PROBLEM STATEMENT: Keep to one stretch of the data below, the lines from the one with "Hidden Tropics Cap Sleeve Rash Vest" up to and including the one with "cover image of The Employer's Legal Handbook", and return that stretch exactly.

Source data
╭──

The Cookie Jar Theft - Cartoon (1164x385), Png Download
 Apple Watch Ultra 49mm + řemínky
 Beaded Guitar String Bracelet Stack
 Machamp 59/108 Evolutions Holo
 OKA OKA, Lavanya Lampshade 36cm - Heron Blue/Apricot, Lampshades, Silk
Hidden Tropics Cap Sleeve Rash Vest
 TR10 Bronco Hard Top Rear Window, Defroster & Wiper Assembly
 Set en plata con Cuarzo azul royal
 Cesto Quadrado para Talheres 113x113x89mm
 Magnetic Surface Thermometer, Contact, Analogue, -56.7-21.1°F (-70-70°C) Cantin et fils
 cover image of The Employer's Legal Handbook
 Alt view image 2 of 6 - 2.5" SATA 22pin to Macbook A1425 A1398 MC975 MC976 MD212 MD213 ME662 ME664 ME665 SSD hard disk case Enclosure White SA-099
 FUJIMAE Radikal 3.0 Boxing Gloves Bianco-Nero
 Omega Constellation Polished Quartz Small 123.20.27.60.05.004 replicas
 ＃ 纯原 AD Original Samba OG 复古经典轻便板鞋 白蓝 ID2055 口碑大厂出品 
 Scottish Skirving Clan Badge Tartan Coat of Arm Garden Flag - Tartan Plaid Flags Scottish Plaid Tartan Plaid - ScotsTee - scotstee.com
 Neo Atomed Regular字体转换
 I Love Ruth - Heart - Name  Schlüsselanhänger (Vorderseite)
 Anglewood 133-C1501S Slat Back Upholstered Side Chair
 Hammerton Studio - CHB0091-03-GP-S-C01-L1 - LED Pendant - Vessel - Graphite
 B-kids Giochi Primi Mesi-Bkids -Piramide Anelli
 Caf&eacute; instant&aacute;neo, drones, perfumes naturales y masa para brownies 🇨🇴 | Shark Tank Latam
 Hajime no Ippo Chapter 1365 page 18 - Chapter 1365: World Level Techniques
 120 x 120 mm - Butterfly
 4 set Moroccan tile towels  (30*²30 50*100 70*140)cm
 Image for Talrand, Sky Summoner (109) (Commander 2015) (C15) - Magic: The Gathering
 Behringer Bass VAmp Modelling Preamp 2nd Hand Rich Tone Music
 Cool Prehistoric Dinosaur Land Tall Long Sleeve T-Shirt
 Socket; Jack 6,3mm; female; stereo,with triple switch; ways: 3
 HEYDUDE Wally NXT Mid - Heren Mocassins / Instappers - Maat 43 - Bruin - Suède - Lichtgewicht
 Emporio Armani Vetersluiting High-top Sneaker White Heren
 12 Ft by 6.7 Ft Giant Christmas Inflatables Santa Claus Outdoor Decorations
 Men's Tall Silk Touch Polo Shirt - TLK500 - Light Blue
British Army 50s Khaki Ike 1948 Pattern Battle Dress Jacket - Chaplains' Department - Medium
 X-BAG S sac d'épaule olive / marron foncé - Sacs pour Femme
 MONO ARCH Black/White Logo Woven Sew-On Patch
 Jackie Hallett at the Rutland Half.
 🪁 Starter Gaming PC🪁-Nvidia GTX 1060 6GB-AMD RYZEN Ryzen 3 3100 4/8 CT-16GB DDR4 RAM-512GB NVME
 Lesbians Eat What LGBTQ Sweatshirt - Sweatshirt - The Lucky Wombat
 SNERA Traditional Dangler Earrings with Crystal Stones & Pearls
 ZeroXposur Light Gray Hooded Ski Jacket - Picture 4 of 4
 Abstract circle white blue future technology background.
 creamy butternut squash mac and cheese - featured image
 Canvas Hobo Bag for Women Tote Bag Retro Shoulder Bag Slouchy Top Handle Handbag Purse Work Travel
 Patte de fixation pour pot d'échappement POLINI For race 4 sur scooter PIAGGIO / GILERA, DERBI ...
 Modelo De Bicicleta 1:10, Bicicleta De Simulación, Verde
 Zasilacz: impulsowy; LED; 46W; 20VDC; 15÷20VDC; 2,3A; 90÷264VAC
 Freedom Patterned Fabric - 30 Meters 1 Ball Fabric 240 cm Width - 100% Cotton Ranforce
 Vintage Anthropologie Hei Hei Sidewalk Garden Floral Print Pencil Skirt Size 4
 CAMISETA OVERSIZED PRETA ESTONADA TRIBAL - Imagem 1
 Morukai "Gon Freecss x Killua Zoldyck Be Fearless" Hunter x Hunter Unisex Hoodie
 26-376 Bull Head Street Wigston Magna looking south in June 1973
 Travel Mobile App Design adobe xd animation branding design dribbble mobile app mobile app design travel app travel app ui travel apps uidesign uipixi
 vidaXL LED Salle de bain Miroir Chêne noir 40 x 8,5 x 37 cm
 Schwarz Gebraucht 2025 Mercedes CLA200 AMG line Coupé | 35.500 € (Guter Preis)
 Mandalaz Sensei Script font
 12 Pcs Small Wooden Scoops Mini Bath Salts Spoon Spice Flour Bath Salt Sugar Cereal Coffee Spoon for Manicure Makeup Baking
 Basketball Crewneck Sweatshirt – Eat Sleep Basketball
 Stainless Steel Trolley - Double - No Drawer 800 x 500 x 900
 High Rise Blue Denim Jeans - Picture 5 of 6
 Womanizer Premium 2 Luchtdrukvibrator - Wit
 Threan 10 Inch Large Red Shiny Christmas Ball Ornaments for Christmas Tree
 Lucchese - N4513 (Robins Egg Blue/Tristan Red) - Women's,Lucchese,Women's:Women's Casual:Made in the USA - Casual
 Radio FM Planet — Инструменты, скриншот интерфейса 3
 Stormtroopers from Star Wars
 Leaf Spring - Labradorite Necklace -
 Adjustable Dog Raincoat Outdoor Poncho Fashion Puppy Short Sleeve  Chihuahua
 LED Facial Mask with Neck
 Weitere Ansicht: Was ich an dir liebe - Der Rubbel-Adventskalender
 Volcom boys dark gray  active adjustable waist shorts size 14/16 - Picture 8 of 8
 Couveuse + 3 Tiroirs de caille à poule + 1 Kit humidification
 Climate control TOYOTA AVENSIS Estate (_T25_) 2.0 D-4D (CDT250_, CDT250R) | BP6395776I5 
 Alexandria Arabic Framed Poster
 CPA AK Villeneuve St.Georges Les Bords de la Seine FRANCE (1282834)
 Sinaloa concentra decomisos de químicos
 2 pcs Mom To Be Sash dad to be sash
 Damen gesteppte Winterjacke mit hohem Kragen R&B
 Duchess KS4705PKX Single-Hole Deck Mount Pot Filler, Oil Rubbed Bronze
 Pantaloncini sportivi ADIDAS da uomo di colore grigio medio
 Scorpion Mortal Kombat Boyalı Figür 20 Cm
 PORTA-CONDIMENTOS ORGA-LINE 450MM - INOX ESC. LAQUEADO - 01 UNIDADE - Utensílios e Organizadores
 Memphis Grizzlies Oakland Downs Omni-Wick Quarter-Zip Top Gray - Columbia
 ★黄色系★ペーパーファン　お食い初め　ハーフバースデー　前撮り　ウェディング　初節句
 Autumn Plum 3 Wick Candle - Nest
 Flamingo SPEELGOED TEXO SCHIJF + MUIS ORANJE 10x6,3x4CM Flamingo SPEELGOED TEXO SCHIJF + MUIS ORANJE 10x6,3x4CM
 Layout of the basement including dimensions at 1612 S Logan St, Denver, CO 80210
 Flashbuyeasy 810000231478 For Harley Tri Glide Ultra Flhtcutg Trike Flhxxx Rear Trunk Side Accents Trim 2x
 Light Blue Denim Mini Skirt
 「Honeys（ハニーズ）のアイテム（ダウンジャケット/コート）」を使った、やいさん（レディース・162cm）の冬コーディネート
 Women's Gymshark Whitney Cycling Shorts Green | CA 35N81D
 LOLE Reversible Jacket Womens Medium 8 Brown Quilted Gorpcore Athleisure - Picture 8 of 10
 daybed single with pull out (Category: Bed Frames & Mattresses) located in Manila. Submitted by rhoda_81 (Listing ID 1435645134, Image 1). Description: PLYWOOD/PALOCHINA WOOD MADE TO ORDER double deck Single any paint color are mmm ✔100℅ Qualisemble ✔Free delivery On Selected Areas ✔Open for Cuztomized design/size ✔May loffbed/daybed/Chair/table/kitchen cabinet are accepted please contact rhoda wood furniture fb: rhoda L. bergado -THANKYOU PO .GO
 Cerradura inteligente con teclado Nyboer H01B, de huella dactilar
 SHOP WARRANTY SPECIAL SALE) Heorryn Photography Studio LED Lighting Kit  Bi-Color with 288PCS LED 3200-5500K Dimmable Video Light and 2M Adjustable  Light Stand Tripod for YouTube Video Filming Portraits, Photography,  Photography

╰──

EXERCISE OUTPUT:
Hidden Tropics Cap Sleeve Rash Vest
 TR10 Bronco Hard Top Rear Window, Defroster & Wiper Assembly
 Set en plata con Cuarzo azul royal
 Cesto Quadrado para Talheres 113x113x89mm
 Magnetic Surface Thermometer, Contact, Analogue, -56.7-21.1°F (-70-70°C) Cantin et fils
 cover image of The Employer's Legal Handbook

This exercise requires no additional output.